Paula Hernandez is an associate in our Real Estate practice group who works out of our new San Bernardino office. Her practice focuses on land use, handling a wide range of cases involving legal issues related to environmental, zoning, real estate, and property law. 

We recently had the pleasure of talking with Paula about lessons learned, and her new life in the legal profession as an attorney at Fennemore.

As we enter July, this week we’re happy to turn the spotlight on Paula Hernandez who works out of our San Bernardino office! How are things going during the transition? And what’s your vision for the future as we continue to grow in Southern California?

The transition has been great. It’s been exciting to learn about all the opportunities and resources Fennemore has to offer. It has also been great to connect with Fennemore attorneys’ in the various offices. 

My hope for the future is that Fennemore continues to grow and expand in this region and leading the way as an innovative law firm.

Without naming your clients, are there any intriguing current matters that you’re working on in the land use/ real estate sector?

One of our clients was issued a building permit last year, granting him permission to construct a structure on his property. The client had performed substantial work and spent over $150,000 in reliance on the building permit, but now, the City is stating that it is revoking the building permit because it was issued in error and it violates the City’s Municipal Code. 

We have discovered evidence of political motion that likely triggered the City rescinding the budling permit. We filed a lengthy appeal letter on behalf of our client and are now waiting for the City Clerk to set a date for the public hearing before the City Council.

What would you tell your younger self – or a 1L at the Pepperdine University School of Law School now contemplating a career in the legal profession?

My advice to a 1L would be as follows:  Focus on writing and legal research.  Your mastery of these two skills sets will be critical to your career and help you thrive, no matter what area of law you eventually practice.  

Who is your hero – or the person who has had the greatest impact on your life and career?

My father. He studied law as a second career when I was a baby. Shortly after he graduated from law school, he opened his private practice in Riverside, focusing on immigration and family law.

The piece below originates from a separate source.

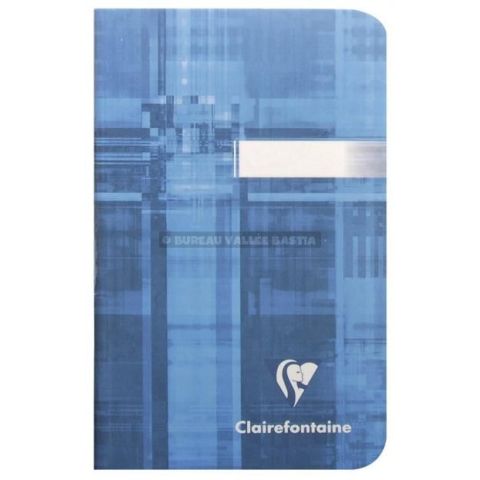 Carnet clairefontaine piqu format 9 x 14 cm 96 pages petits carreaux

Growing up, I watched my dad help his community and he instilled in me a strong sense of justice and curiosity for the law. He encouraged me to always work hard.

Talk about your biggest failure. What did you learn? And how did you pick up the pieces and move forward?

One of my biggest failures to date was not passing the California bar exam the first time I took it. But it taught me perseverance and it caused me to have to adapt my approach to studying in order to achieve different results.

Success today sometimes requires us to be adapt when necessary.

What’s the best – and worst – piece of career advice that you’ve ever received?

Best piece of career advice:

I have received two great pieces of advice that I always keep in mind. 

  1. “Slow down and proofread, proofread, proofread.”
  2. “Learn to communicate effectively.” I was told that effective communication is about being concise and relevant. This skill will need to be learned, practiced, and honed throughout your career.

Worst piece of career advice:  “Opposing counsel is always your enemy.” By having this mentality, you often miss opportunities to collaborate and find solutions that benefit both our clients.

What are you currently listening to (podcast or music); reading; and watching/streaming?

Watching:  Formula 1: Drive to Survive

Reading: Think Again by Adam Grant (courtesy of James Goodnow)

Podcast: The Happiness Lab with Dr. Laurie Santo

Okay, last but not least, tell us more about the two months you spent in Kampala in 2014, working for the Ugandan Directorate of Public Prosecutions. What did you learn from this experience?

It was incredible opportunity to be able to see how the judicial and legal system functions in a different county. Uganda has, for years, faced a significant issue with case backlog in their courts.  My key role that summer was to assist in implementing plea bargaining and to train key stakeholders around on the country on its use. 

Many thanks to Paula – and to all of the new attorneys in our Southern California offices – for your creative insights that are already impacting our clients, and the communities where we live and serve!